BRITISH boxing star Amir Khan has often been accused of overlooking opponents ahead of upcoming bouts and talking about potential future fights. Prior to his brave middleweight title challenge against lineal belt holder Saul ‘Canelo’ Alvarez, Khan took this a step further and talked about fighting in a different sport altogether, swapping boxing for MMA. So could this realistically happen or was this just Khan thinking aloud?
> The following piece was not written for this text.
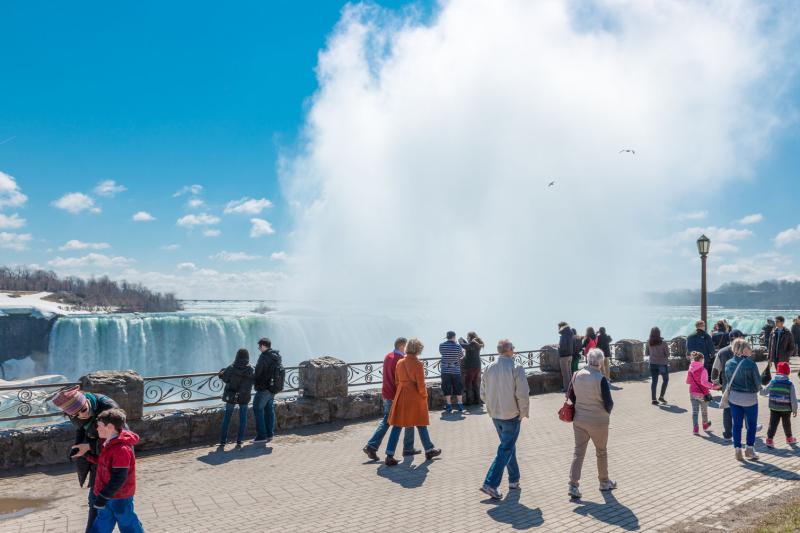 Niagara Falls Full Day Trip from New York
Amir Khan is already legitimately involved in MMA, but from a business perspective as opposed to as a fighter – he is involved with a Pakistani MMA promotion and has sat cage side at events. Therefore there is a genuine link. It is this link and close up viewing of MMA that prompted Khan to say that he thought about getting in the cage, that he could do so in the future and that he saw holes in the fighters games that he felt he could exploit. Khan also mentioned how a fighter like Mike Tyson could have done immense damage in four ounce gloves and made vague reference to having done some MMA training (he didn’t elaborate on what this training was).
Despite all of the above, I am extremely sceptical that Amir Khan would ever compete in professional MMA or that, if he did, he would be successful at an elite level. Khan is undoubtedly a world class boxer with bags of talent but ultimately MMA is a different sport requiring a different skill set. There is also the fact that as a boxer Amir Khan can earn far more than he could in MMA (although as a one off MMA attraction, the Bolton speedster could certainly pick up a hefty pay cheque).
Modern MMA fighters are extremely well-rounded. They can box, they can wrestle, they can perform high level kick boxing techniques and all MMA fighters at elite level have a strong Jiu Jitsu based ground game. Whilst it is true that many started in a single discipline, as Khan has with boxing, they have then spent years honing the other disciplines. The days of a top level striker just learning how to prevent a take down and little else are over in the upper echelons of mixed martial arts. Aside from his boxing skills, what else would Khan bring to the table?
Former female multiple boxing world champion Holly Holm is an example of a top tier boxer who successfully moved to the smaller gloves. Holm however had trained in kickboxing for as long as she had in boxing and was based for years at an MMA focused gym. It is fair to say that she already had years of MMA knowledge before she ever fought professionally in the cage and misleading to claim it was solely her elite boxing skills that enabled her to capture the women’s UFC title (as some in mainstream boxing have done). Amir Khan simply does not have those years of grounding in other forms of fighting.
I have no doubt that an athlete as gifted as Khan could pick up new fighting techniques quickly but meshing them together and eradicating boxing habits built up over years of repetitive training drills would be a huge challenge.
So am I suggesting that a top MMA fighter would always beat a boxer or that MMA is better? Not exactly. Firstly no MMA fighter will ever develop boxing skills to rival a world champion boxer (unless, like Holm, they were already a world champion boxer). However, unless the boxer has trained for years in other aspects of martial arts (again like Holm), they would only ever have a punchers chance in a mixed martial arts fight. If Amir Khan did venture inside the cage and was able to land clean punches then he would win; the chances of a seasoned, elite level mixed martial artist allowing him to do this are slim. The likelihood is that Khan, much like James Toney against Randy Couture, would get taken down quickly before having the chance to throw a punch and would be submitted.
Boxing and MMA are two different sports. Amir Khan would be a big money attraction and a bring star power and a curiosity factor to MMA but if he has any sense he should stick to doing what he does best and box.